• **Assigned task**
For the lines from the one with "Used Renault Clio" to the end of the listing below, both ends included, give an exact copy and nothing more. Do not copy pictures.

.....

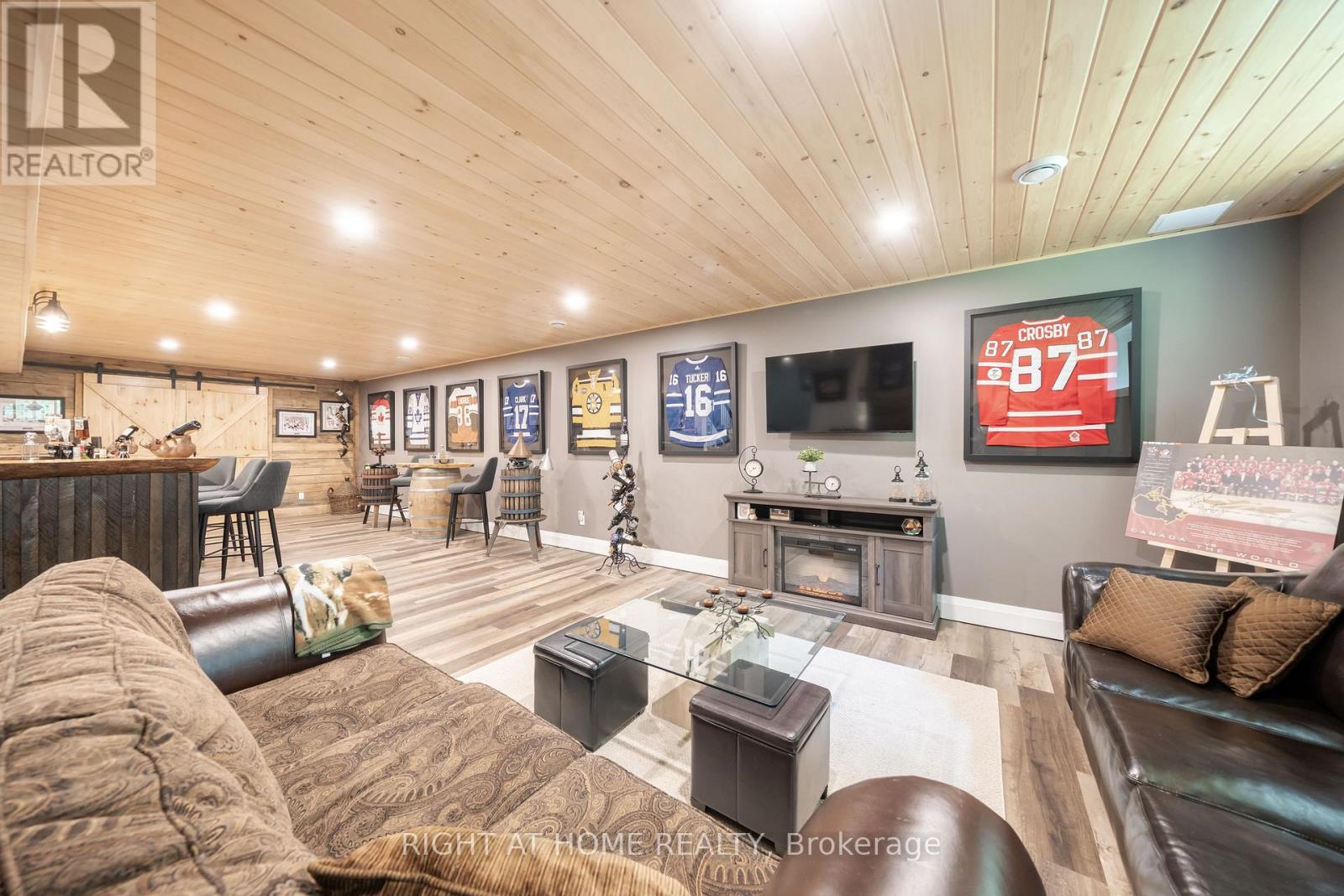 12028 Highway 118 Highway, Dysart Et Al, Ontario  K0M 1S0 - Photo 37 - X12422903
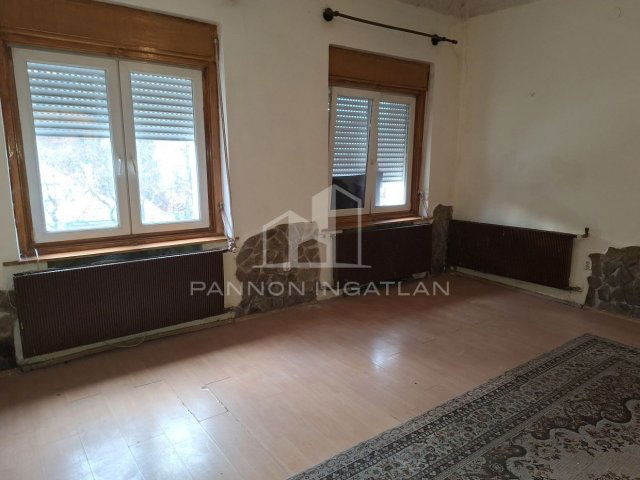 Eladó családi ház, Veszprémben 59.9 M Ft, 3 szobás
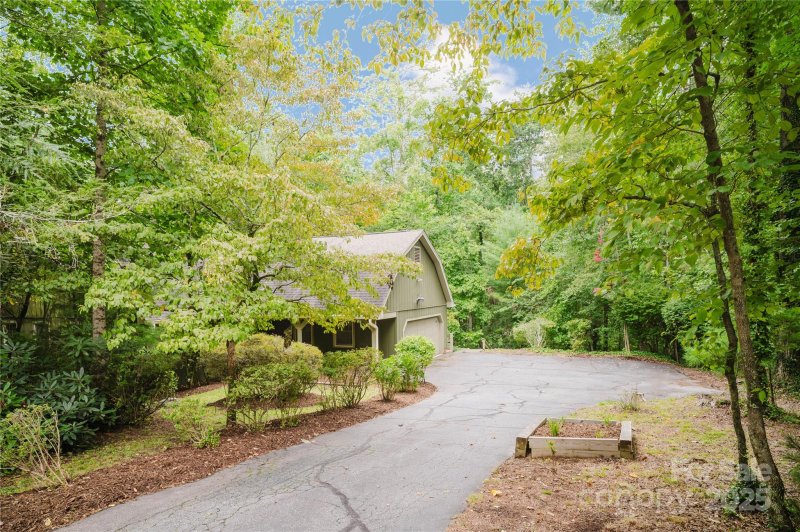 Property image 4 at 305 Heathcote Road, Hendersonville, NC 28791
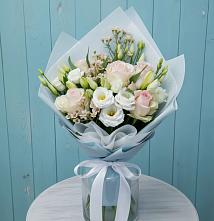 Букет цветов из:  Розы и Лизиантусы #REPLACE_PRED# Кольцово
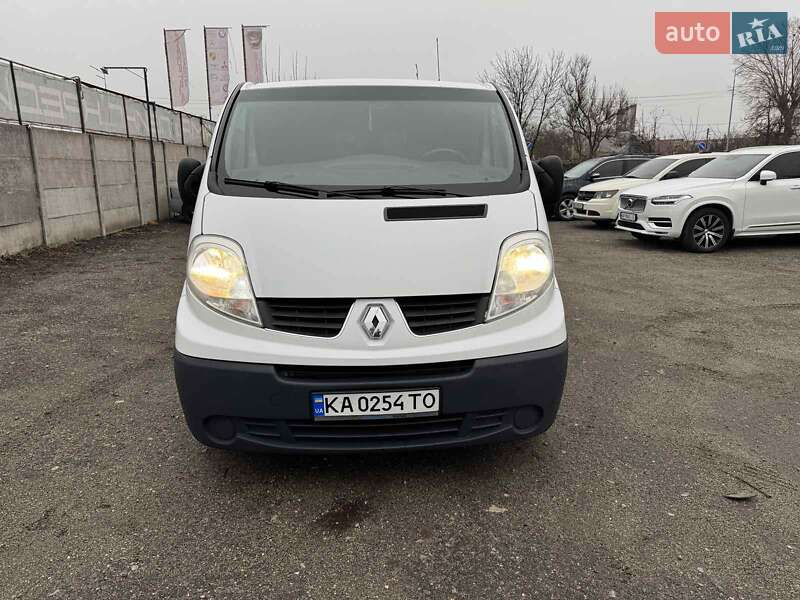 Renault Trafic 2012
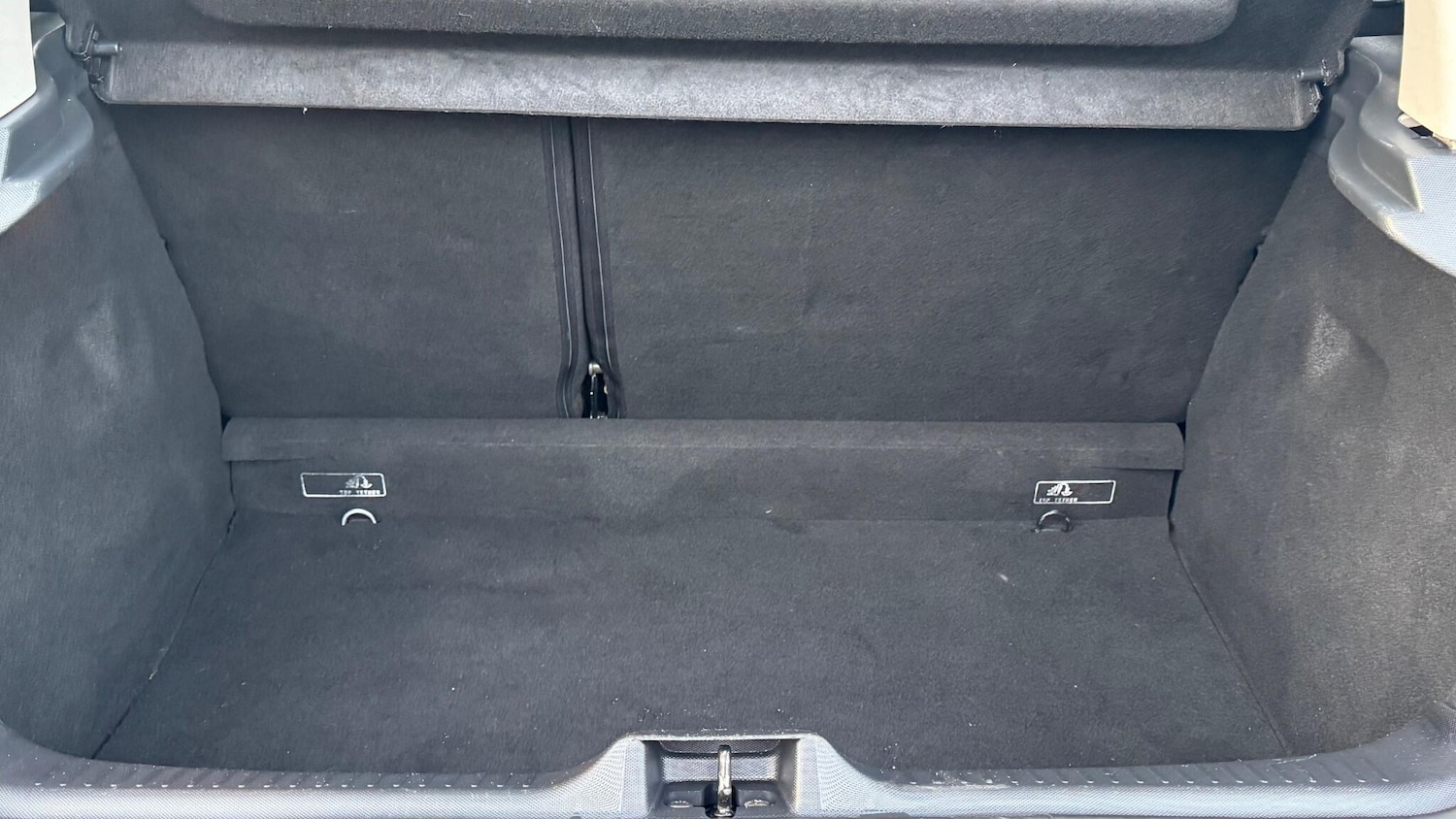 Used Renault Clio 2015 for sale - 77131349: Photo 26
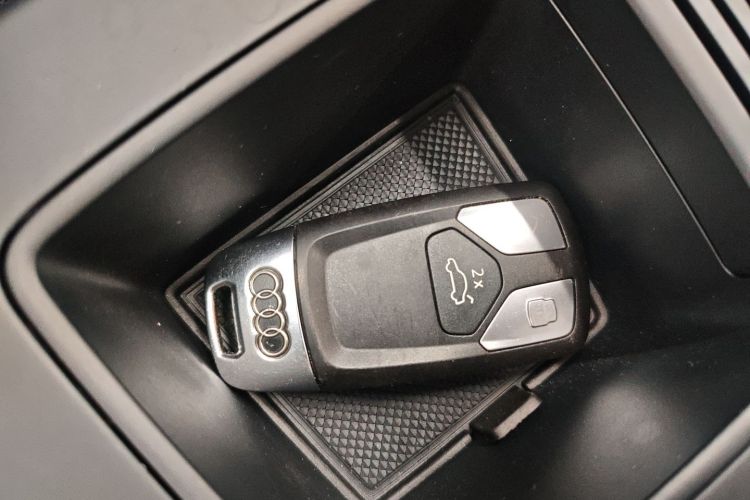 奥迪A4L 2024款 40 TFSI 时尚动感型中控内饰11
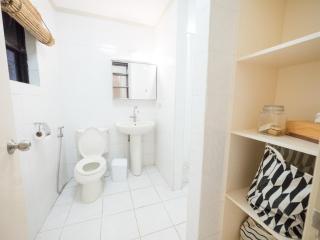 HILLSIDE Nest Townhouse in Subic Bay with Self-Serve Breakfast- Full AC, Pet Friendly, Monkeys! - Sawat - 9
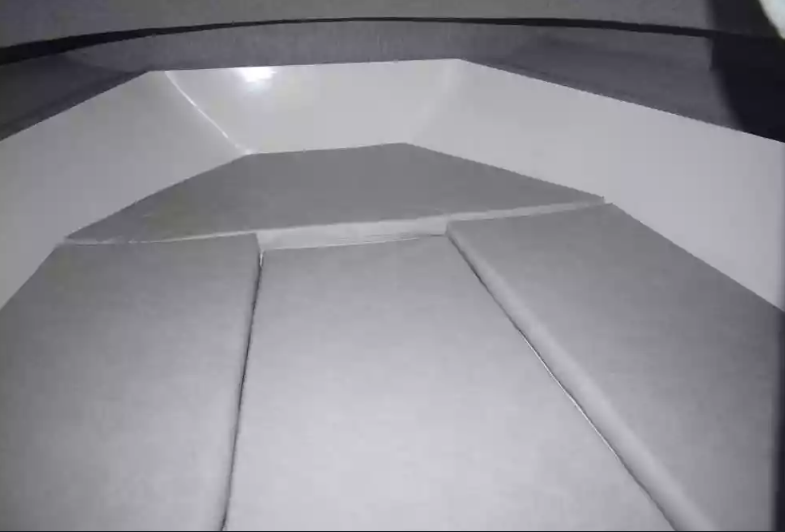 Стеклопластиковый катер Neman-530 с каютой в Нижнем Новгороде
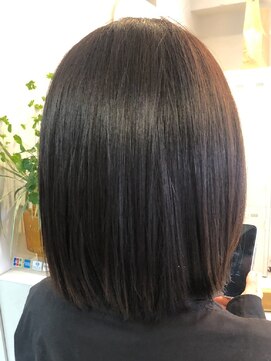 クベル(Kuvel) 艶シンプルボブ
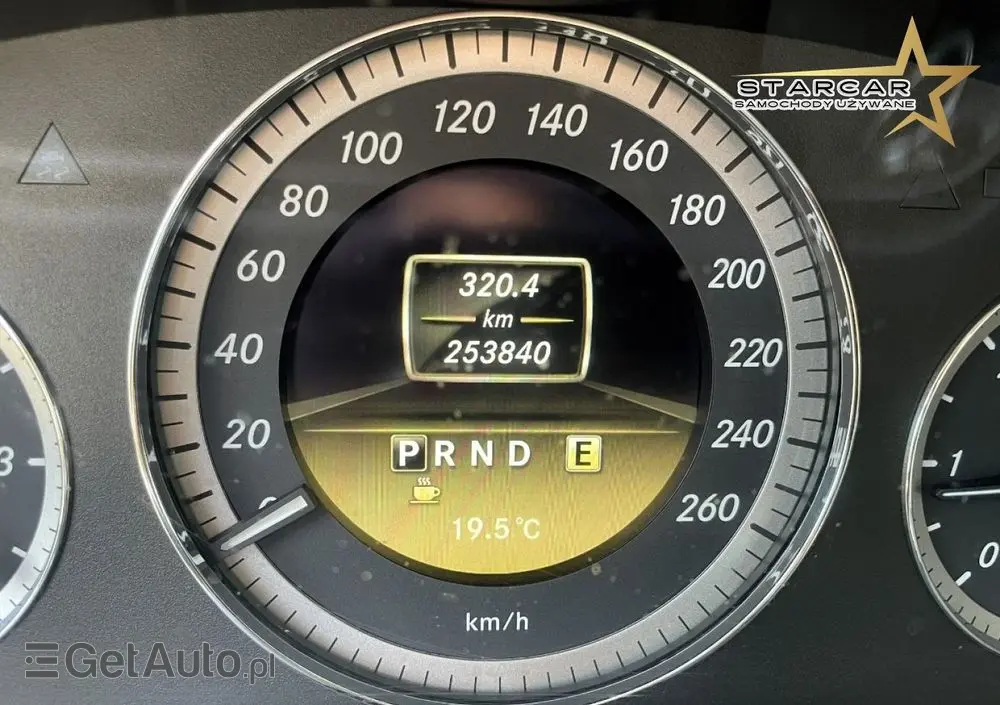 MERCEDES-BENZ Klasa E 200 BlueTEC 7G-TRONIC Elegance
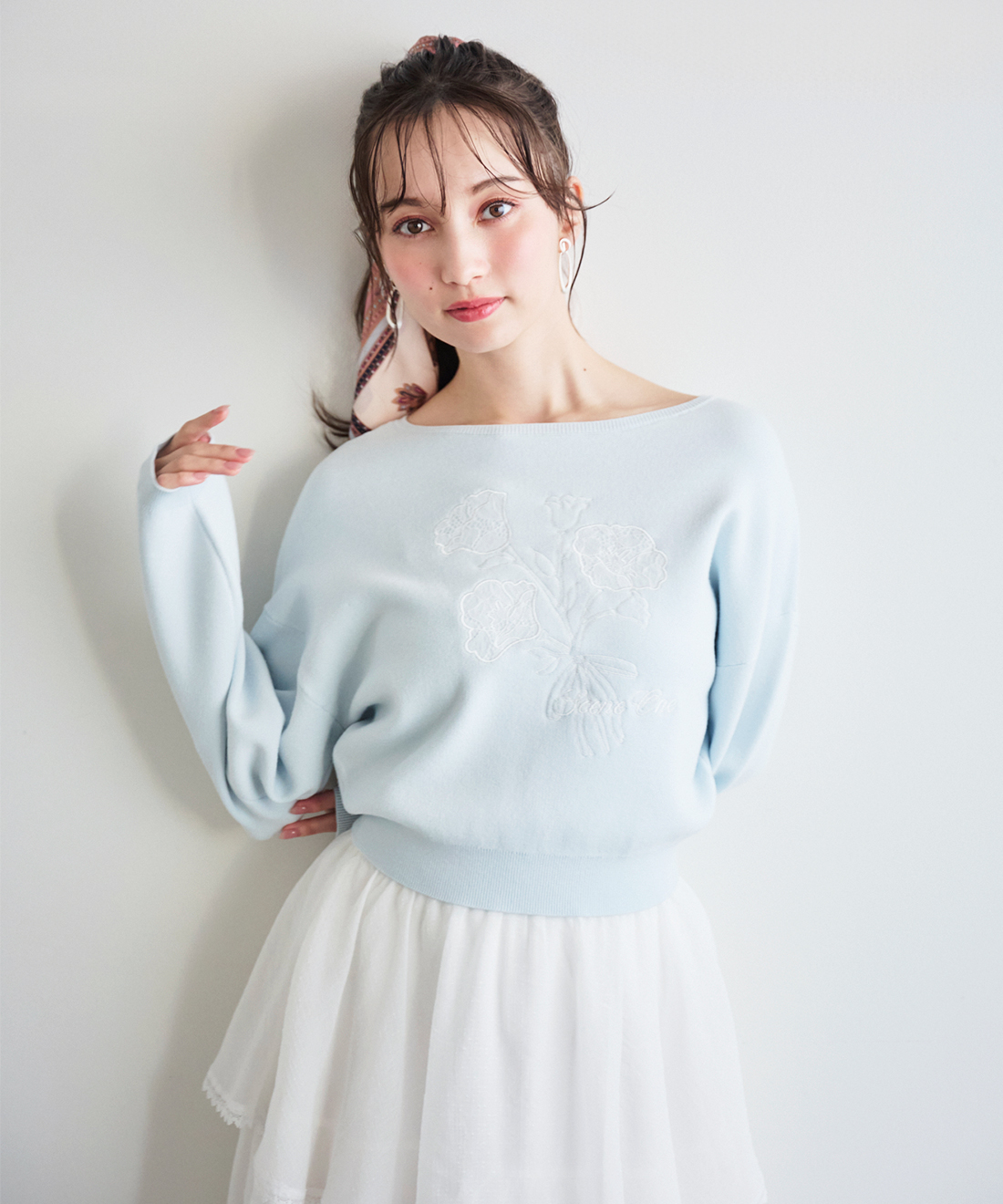 レース刺繍フラワーニット｜PETAL ONLINE（ペタルオンライン）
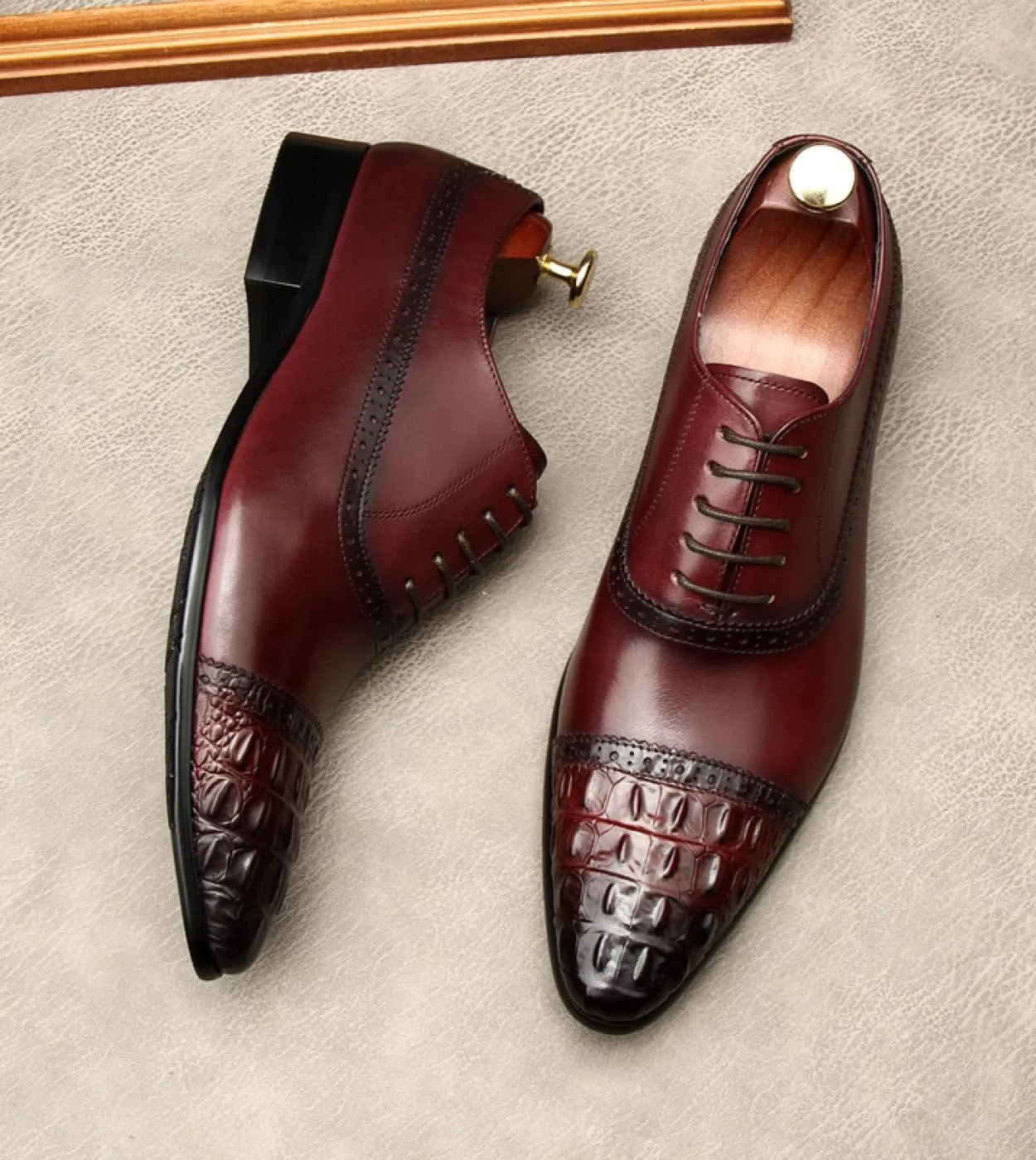 Scarpe eleganti nere da uomo Scarpe da uomo di lusso in vera pelle alla moda con motivo a coccodrillo in pelle verniciata da spo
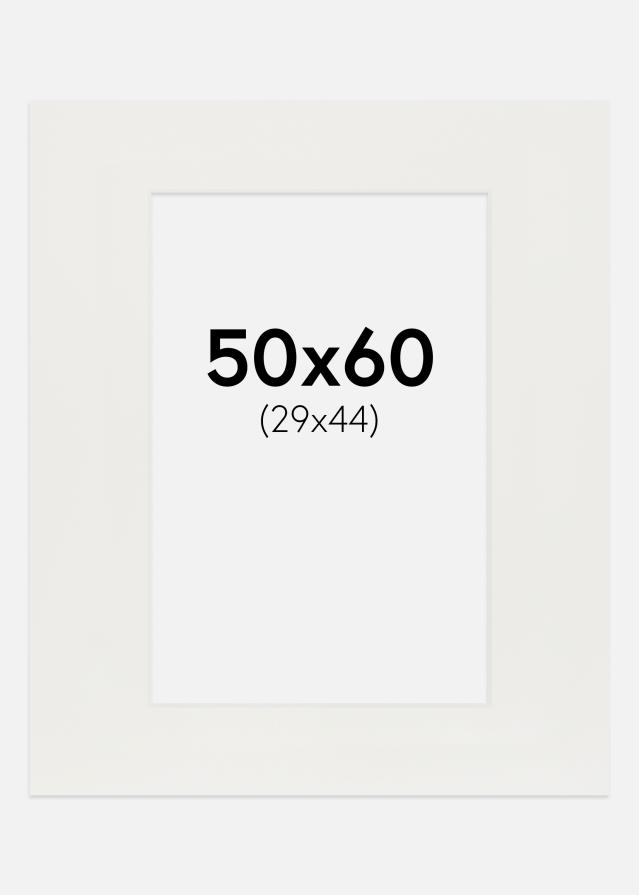 Paspartu Baltas 3 mm Balta šerdis 50x60 cm (29x44)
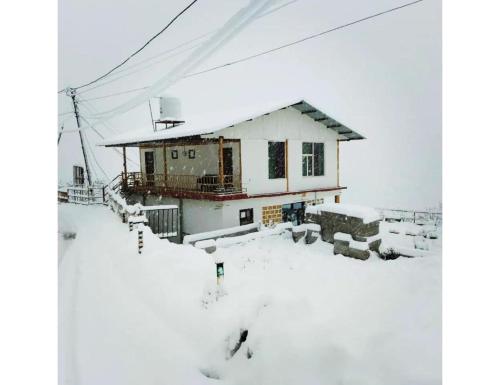 Vedanta Resorts, Josimath durante el invierno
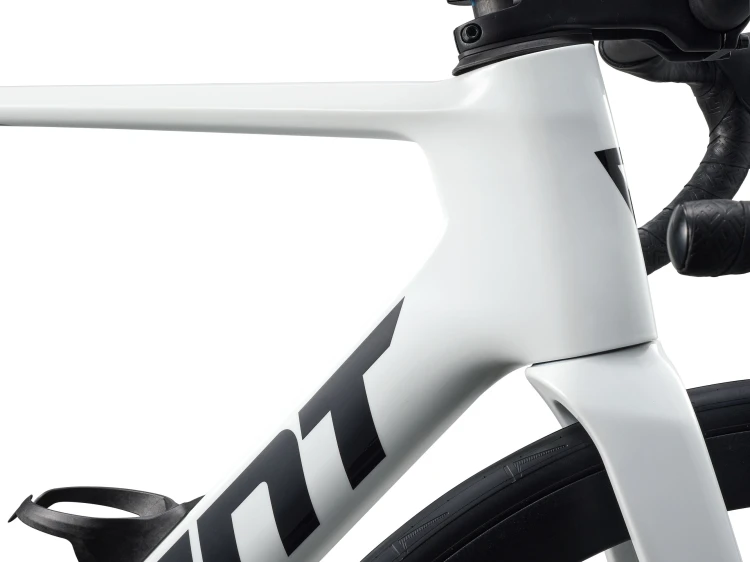 MY27PropelAdvanced2_ColorAWhite-D5.jpg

.....

• **Result of the exercise**
 Used Renault Clio 2015 for sale - 77131349: Photo 26
 奥迪A4L 2024款 40 TFSI 时尚动感型中控内饰11
 HILLSIDE Nest Townhouse in Subic Bay with Self-Serve Breakfast- Full AC, Pet Friendly, Monkeys! - Sawat - 9
 Стеклопластиковый катер Neman-530 с каютой в Нижнем Новгороде
 クベル(Kuvel) 艶シンプルボブ
 MERCEDES-BENZ Klasa E 200 BlueTEC 7G-TRONIC Elegance
 レース刺繍フラワーニット｜PETAL ONLINE（ペタルオンライン）
 Scarpe eleganti nere da uomo Scarpe da uomo di lusso in vera pelle alla moda con motivo a coccodrillo in pelle verniciata da spo
 Paspartu Baltas 3 mm Balta šerdis 50x60 cm (29x44)
 Vedanta Resorts, Josimath durante el invierno
 MY27PropelAdvanced2_ColorAWhite-D5.jpg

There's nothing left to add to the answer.